BEGIN

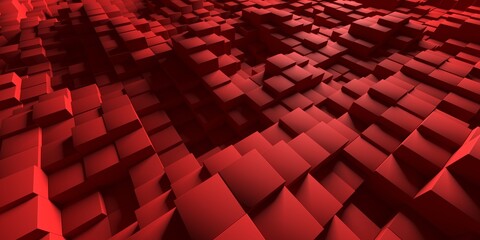 Red cubes structure build wall background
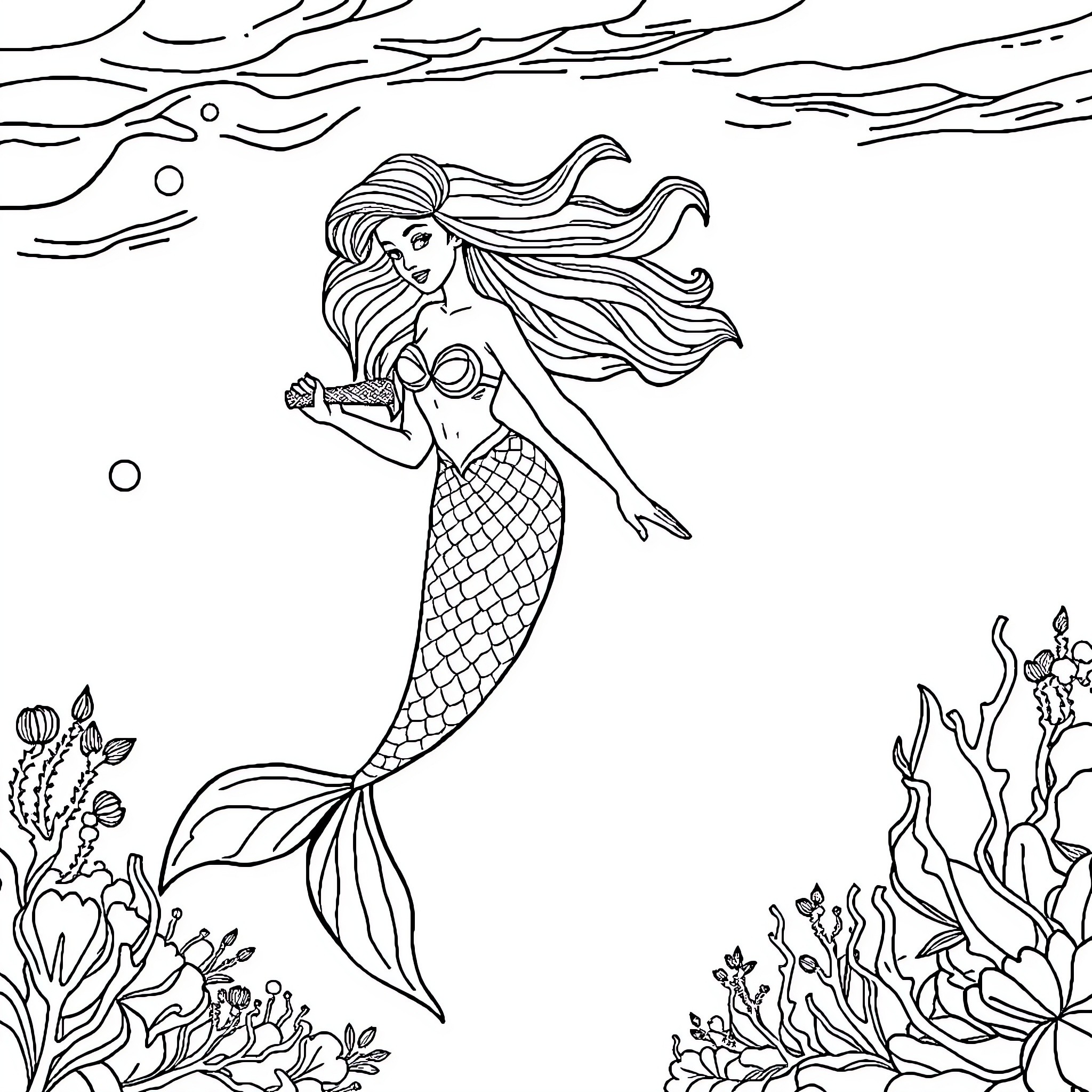 Mermaid swimming gracefully amidst oceanic flora Coloring Page (free black-and-white line drawing printable PDF for all, from beginners to advanced learners, including children, teens, adults, and seniors)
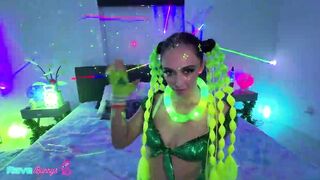 Petite Latina Lily Jordan gets wild with a group of guys in the bedroom - 3 image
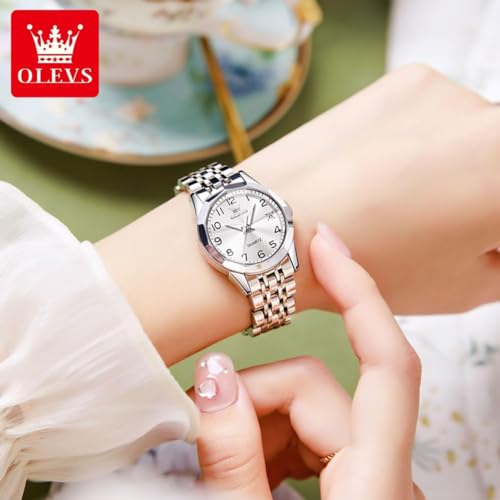 OLEVS Women Watch UK Business Dress Small Stainless Steel Ladies Dress Wrist Watch Analog Quartz Date Waterproof - Image 4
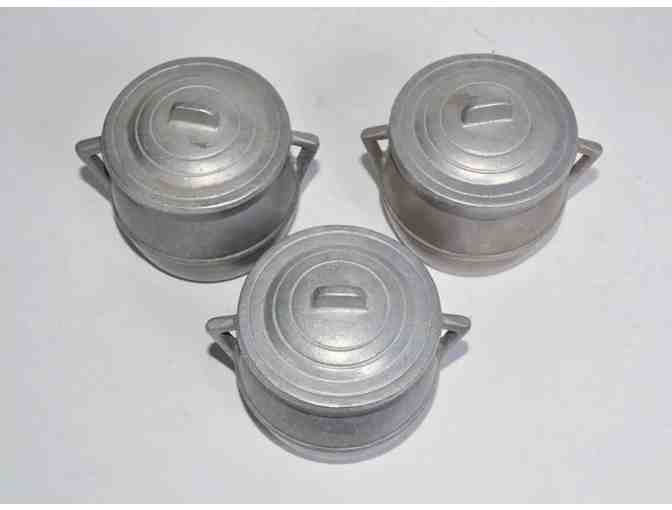 Three Vintage Pewter Pot De Cremes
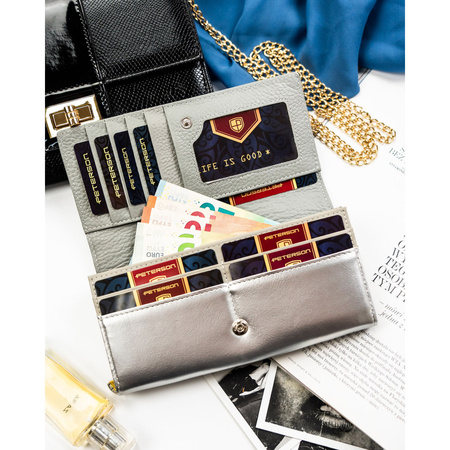 Große Damen Geldbörse mit RFID aus mehrfarbigem Echt- und Öko-Leder – Peterson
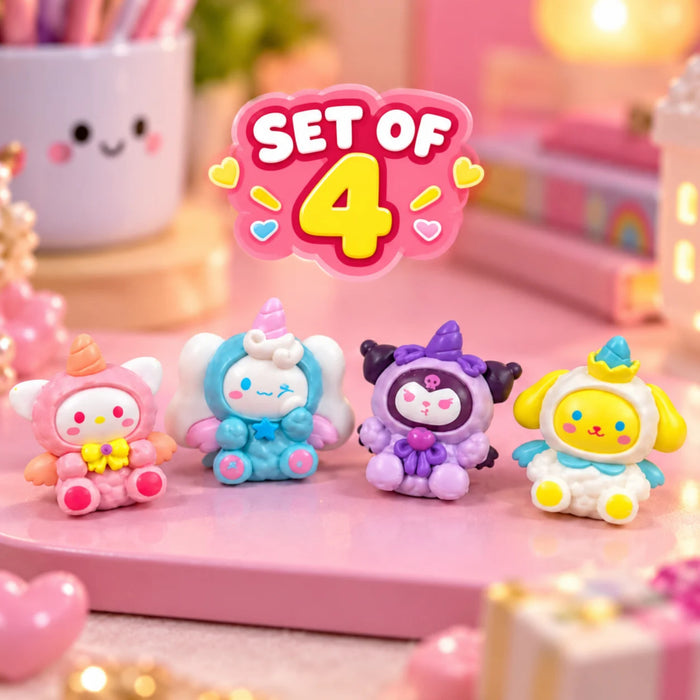 Kawaii Sanrio Character Mini Unicorn Collectible Figurines – Set of 4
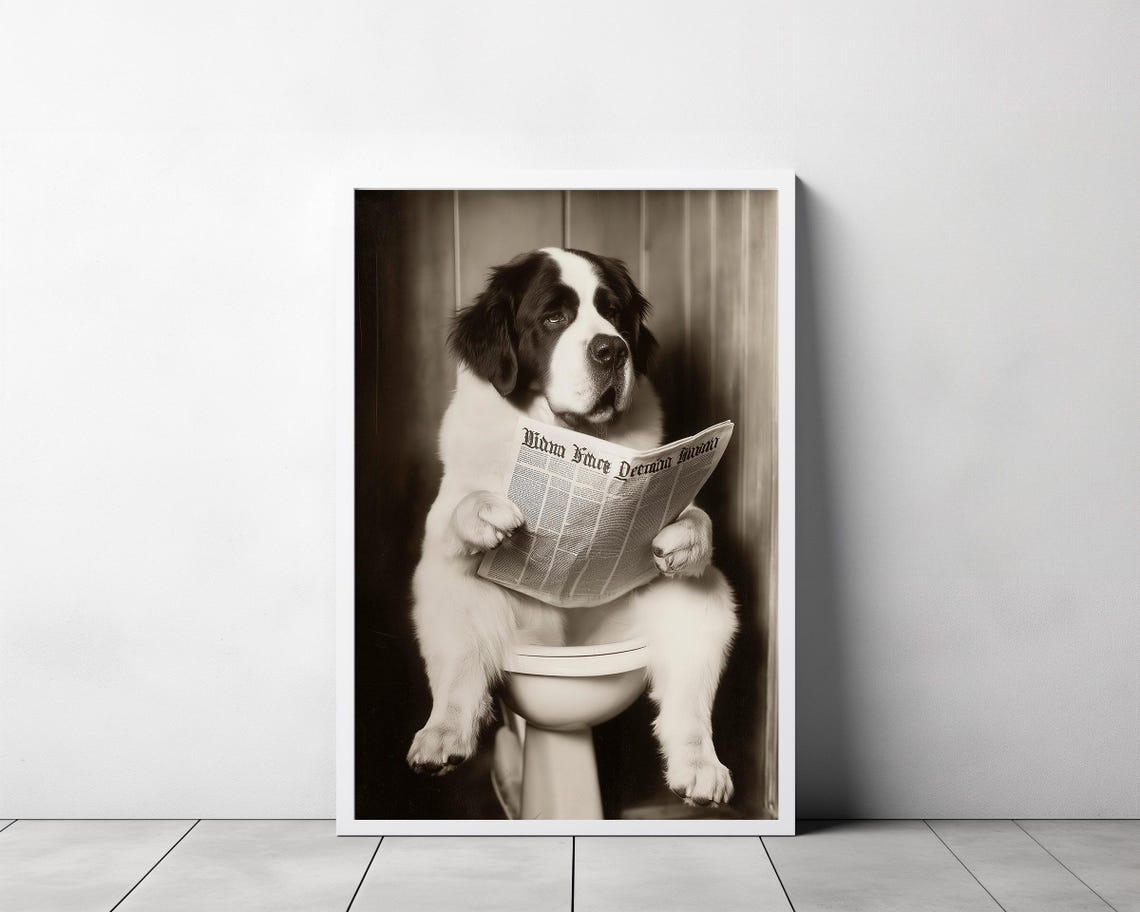 Saint Bernard Puppy On Toilet Reading Newspaper Sepia Photo Poster - Image 3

END

All lines from the one containing "Mermaid swimming gracefully" through the end of the data are to be restated exactly, with nothing else and without the pictures.

 Mermaid swimming gracefully amidst oceanic flora Coloring Page (free black-and-white line drawing printable PDF for all, from beginners to advanced learners, including children, teens, adults, and seniors)
 Petite Latina Lily Jordan gets wild with a group of guys in the bedroom - 3 image
 OLEVS Women Watch UK Business Dress Small Stainless Steel Ladies Dress Wrist Watch Analog Quartz Date Waterproof - Image 4
 Three Vintage Pewter Pot De Cremes
 Große Damen Geldbörse mit RFID aus mehrfarbigem Echt- und Öko-Leder – Peterson
 Kawaii Sanrio Character Mini Unicorn Collectible Figurines – Set of 4
 Saint Bernard Puppy On Toilet Reading Newspaper Sepia Photo Poster - Image 3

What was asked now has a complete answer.